While I feel better, I'm also a realist. I don't believe we're in the process of moving higher, stimulus or no stimulus. The headwinds are severe and not all baked into the cake as yet. We may move somewhat higher, but we'll be coming right back down. So, as I reported recently, I've written covered calls and lightened some long positions. I've increased my gold ownership and inverse bonds. Both will help further out when inflation starts screaming. The inverse 10 year treasuries may not help as the economy deteriorates further.

So far the Fed, Treasury, and Congress have attempted, ineptly and impossibly, to neutralize the necessary correction on housing, investment banking,commercial banking, and the auto industry. What's still to come? Here's my list of 2009 problems:
  • Emerging market sovereign debt. Developing countries have borrowed huge amounts and, with economies crumbling, cannot repay. We'll need to create old-time Brady Bonds to hide this mess for a few years. The same cast of characters, big investment banks, domestic and foreign, insurance companies, and hedge funds were at work here.
  • Municipal Bond defaults are coming. You've read about California's problems and the other states and cities lining up for handouts in Washington. Their claim is that they have only a liquidity issue. Wrong. They've built empires and now tax revenues are falling and they are not even going to be close to being able to pay their debt service. Tax increases will only compound their problems. Defaults are inevitable with bondholders taking losses in the restructuring. The yields are high for a reason.
  • Leveraged Buy-Outs are toast. They've stayed alive by refinancing when rates were dropping. A weak economy is going to kill their profitability and bankers won't be in a position to restructure creatively. Bankruptcy restructuring will become the LBO norm. Equity and bondholders will both lose, especially the stock ownership.
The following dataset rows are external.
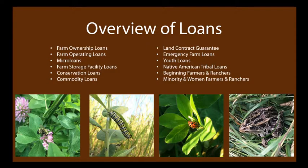Here's a quick overview of the different loan options FSA offers: farm ownership loans, farm operating loans, microloans, farm storage facility loans, conservation loans, commodity loans, land contract guarantees, emergency farm loans, youth loans, Native American tribal loans, beginning farmer and rancher loans, and minority and women farmer and rancher loans. Those last few are for targeted audiences, so we'll touch on them briefly.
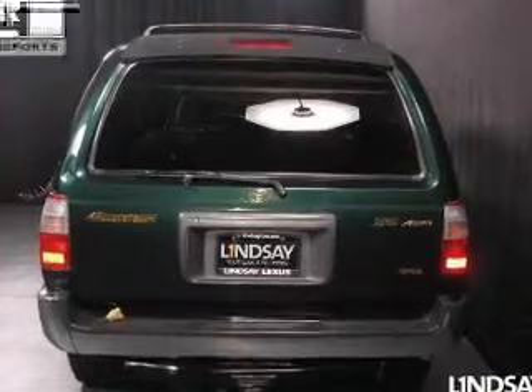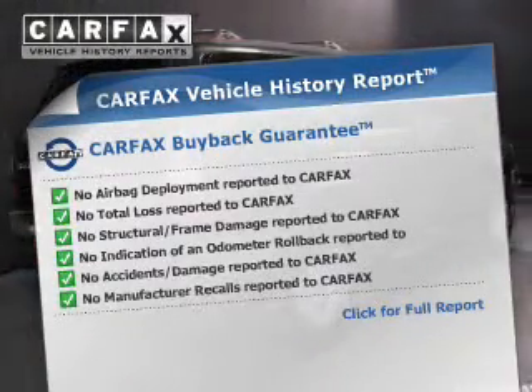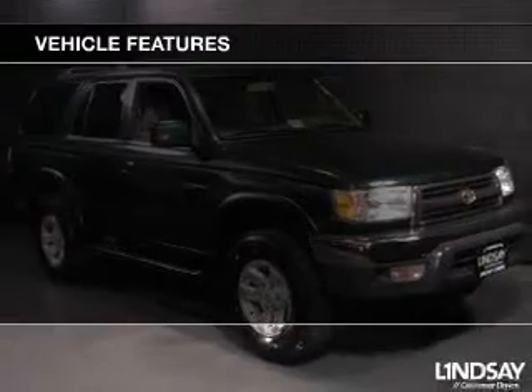Let the outside in with a power sunroof. An included Carfax vehicle history report allows you to purchase with confidence and the knowledge that your buy was a smart choice. And with these notable features, you won't want to miss out on the opportunity to own this amazing ride.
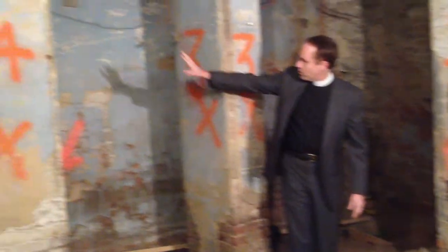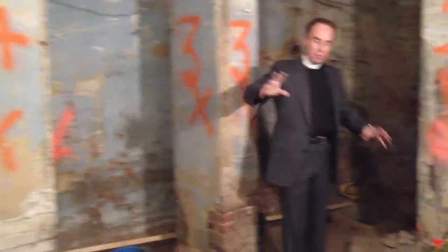The walls will be bricked in, and this will be a nice, clean, dry basement room for the workings of the organ.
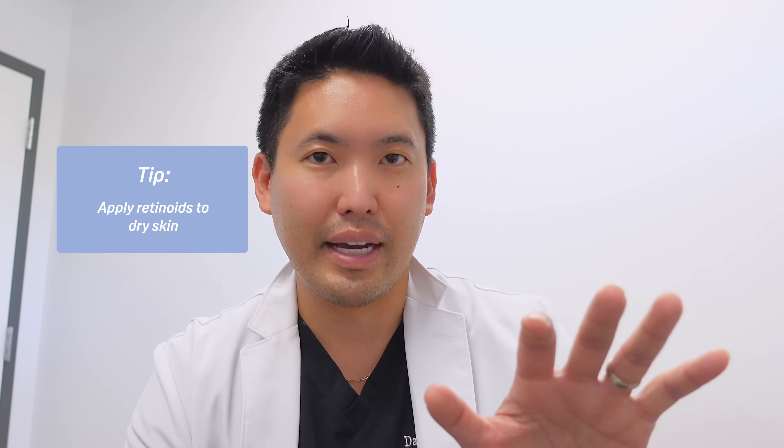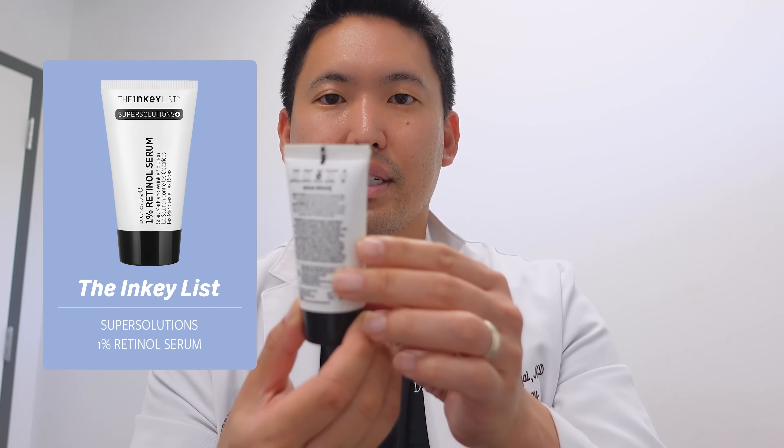Can you put petrolatum over retinol — i.e., slugging? I like slugging with a small pea-sized amount of Vaseline, Aquaphor, or CeraVe Healing Ointment over a hydrating serum. However, I don't recommend using it over an active ingredient like retinoids. Retinoids should be applied to dry skin, not damp skin, because damp skin is more porous and absorbs more. Putting a thick ointment like Aquaphor over retinoid causes occlusion — pushing it deeper into the skin — which can cause irritation.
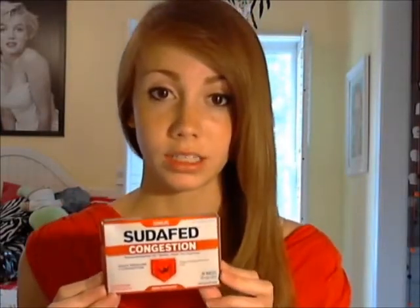Now, Sudafed is the core ingredient used to make meth, which is why you can only buy it if you're 18 years or older. They have it behind the counter at drug stores, and they limit you to only purchasing three at a time, just because they're trying to be safe.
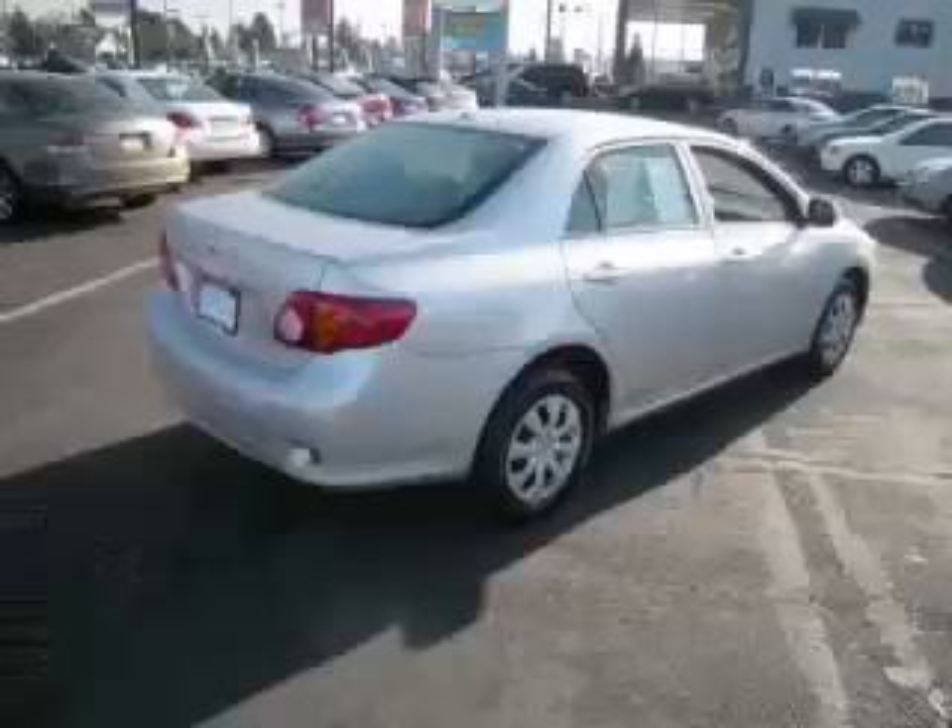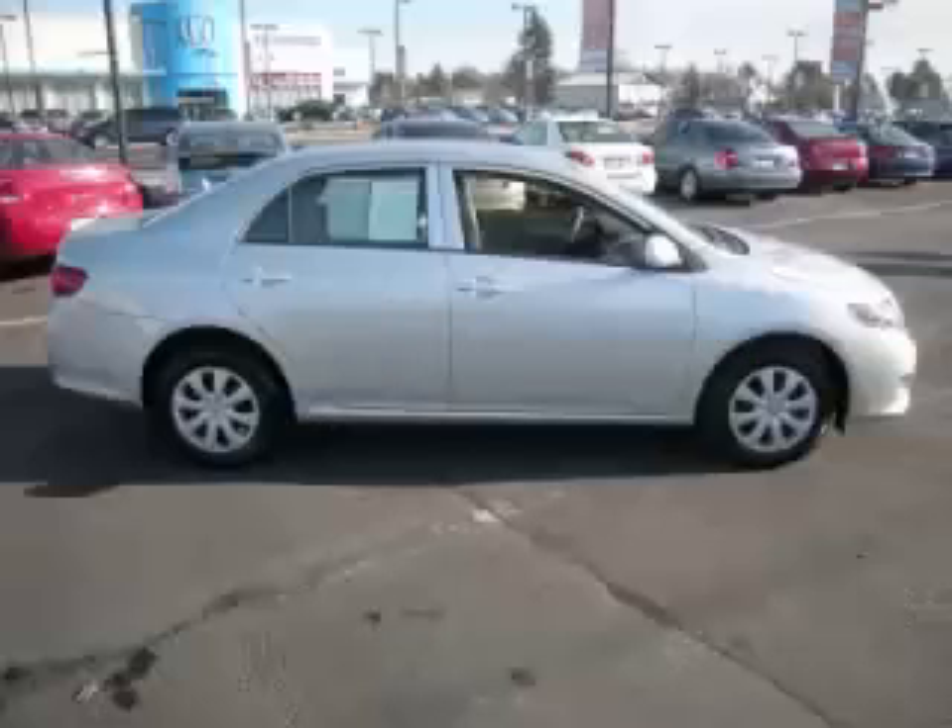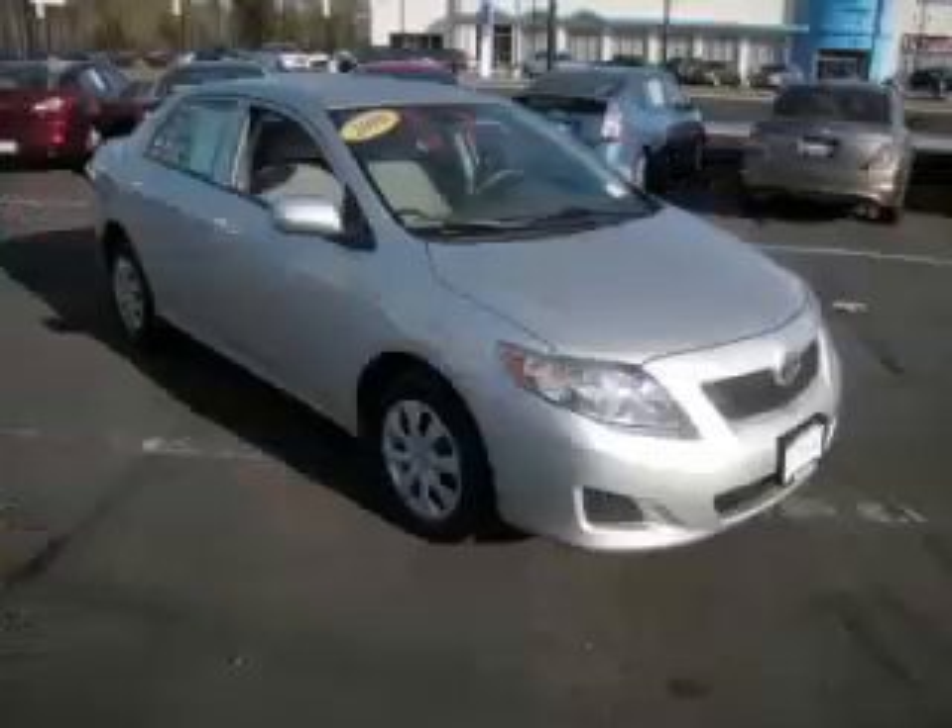This is a 2010 Toyota Corolla LE with fewer than 15,000 miles. This Toyota stands out with top-tier comfort and convenience equipment and reliability, featuring a 1.8-litre L4 engine with 16-valve.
  • Public Pension Plans and University Endowment Funds will increasingly admit their mistakes. Both were the favorite sales target of all of the go-go financial ideas of the past decade. They will take staggering losses. The bad news is that the public pension plans will come back to cities and states and demand more funding to keep their obligations kosher. That will mean tax increases or program cuts elsewhere. Universities that built bloated structures, all did, based upon higher tuition through endowment help and student loans will find that neither are as plentiful as anticipated and will cry for help from the states.
  • Worst of all, the US Government and Congress, will find that tax revenues are woefully short of expectations. In the face of bailouts of all nature, massive stimulus spending, and Federal Reserve printing of money, the World will see that the U.S. tax receipts are slowing dramatically. Much less capital gains and corporate profits than in the Bush era plus a higher unemployment rate and less personal income tax doesn't fund debt service on tons of new, and old, treasury debt very effectively. That in itself should induce higher interest rates, but it will also lessen the safety trade into treasuries and this will move interest rates upward.
  • And we're still not done with crazy derivatives gone wild. They will be with us for years as they blowup and unwind.
The reasons I've listed above cause me to stay cautious by keeping lots of assets in reserve, albeit at lousy returns, and avoiding future falling knives. I enjoy thinking that I can find an undervalued stock so I'll forget my own warning and buy stock periodically, but I believe that I'll make more money in 2009 on negative bets on the market than I'll earn on my long positions. My bet is that after the euphoria of the Obama stimulus package dies in February, the market will be heading South once again due to the list I presented above. I've convinced myself that the odds of going down are higher than those of having stocks increase in 2009.